Hyperemesis gravidarum, a more severe form of morning sickness that affects 0.5–2% of pregnancies, can have serious negative medical and psychological repercussions.
One of the most frequent reasons for hospitalization during pregnancy is hyperemesis gravidarum, which is still diagnosed based on clinical judgment.
Although morning sickness is common during pregnancy, hyperemesis gravidarum is a rare condition. hyperemesis gravidarum is associated with several adverse fetal outcomes including preterm delivery, low birth weight, small for gestational age, low 5-minute Apgar scores, and neurodevelopmental delay.
● Intractable vomiting that disrupts a pregnant woman's fluid and electrolyte balance as well as nutrition is known as hyperemesis gravidarum:
It is typically present in the first 8 to 20 weeks of pregnancy and is thought to have both biological and behavioral components.
- Linked to high levels of the hormone human chorionic gonadotropin (hCG) and estrogen Symptoms typically start around two weeks after the first missed period, peak around week twelve, and disappear by week twenty.
Endocrine/metabolic, gastrointestinal (GI), and reproductive system(s) affected

Epidemiology Other risk factors include prior history of hyperemesis, preexisting diabetes, hyperthyroid disease, psychiatric illness, asthma, and GI issues. It typically affects young women, primiparous women, nonsmokers, and non-Caucasians.
Incidence
In 0.5–2% of pregnancies, hyperemesis gravidarum occurs.
Prevalence
The most typical reason for hospitalization during the first half of pregnancy and the second most typical reason for hospitalization overall for pregnant women is hyperemesis gravidarum.

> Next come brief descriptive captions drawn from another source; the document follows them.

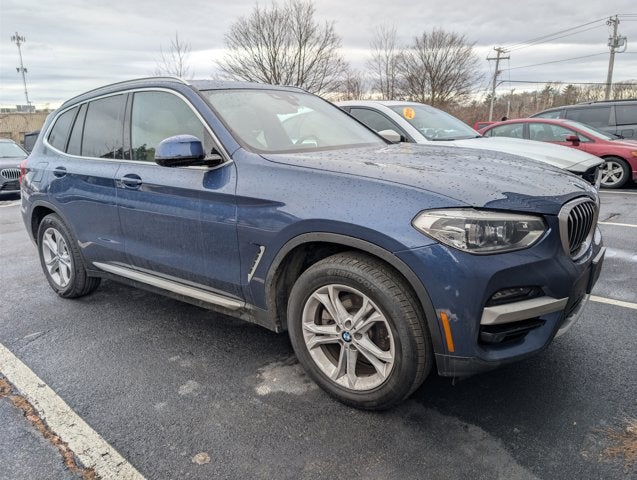 2021 BMW X3 xDrive30i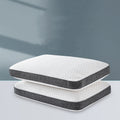 Memory Foam Pillow for All Types of Sleepers–Ultimate Comfort & Neck Support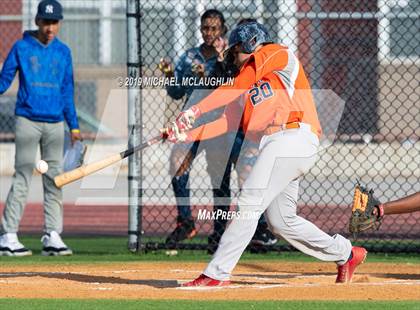 Thumbnail 2 in Jefferson vs. Eagle Academy (PSAL Section 12 A Round 1) photogallery.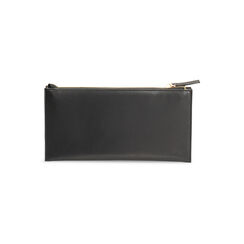 Pochette nera con tracolla removibile, Primadonna, 265126344EPNEROUNI, 004 preview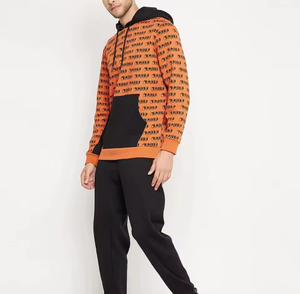 Chándal de Moda 100% Algodón al por Mayor, Chándal Informal y Urbano - Product Image 3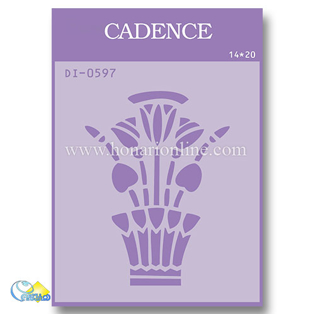 خرید شابلون، خرید شابلون استنسیل، شابلون دیواری، شابلون طرح فانتزی، لوازم پتینه کاری، هنری آنلاین، هنر، هنری	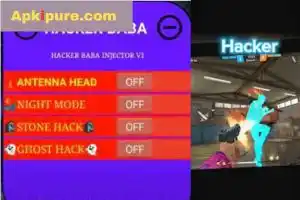 Hacker Baba Injector APK download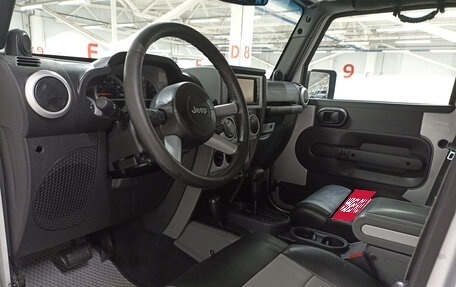 Jeep Wrangler, 2008 год, 2 159 950 рублей, 20 фотография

Pathophysiology and Etiology 

The cause is unknown. Pregnancy hormones, hyperthyroidism, hyperparathyroidism, liver dysfunction, autonomic nervous system dysfunction, CNS tumor, Addison disease, and maybe psychological problems are some of the suggested implications.

Genetics

higher chance if hyperemesis gravidarum runs in the mother's family

Risk factors include nulliparity, many pregnancies, migraine and motion sickness histories, black or Asian women, gestational trophoblastic illness, female fetuses, and a possible link to Helicobacter pylori infection.

Prevention 

Small, frequent meals; avoiding an excessively empty or full stomach; anticipatory advice for dietary practices to prevent dehydration and nutritional depletion

Diagnosis
Although there are many different ways to define hyperemesis gravidarum, it frequently includes persistent nausea and vomiting throughout pregnancy, symptoms of dehydration, and electrolyte abnormalities after ruling out more serious causes of extreme nausea and vomiting.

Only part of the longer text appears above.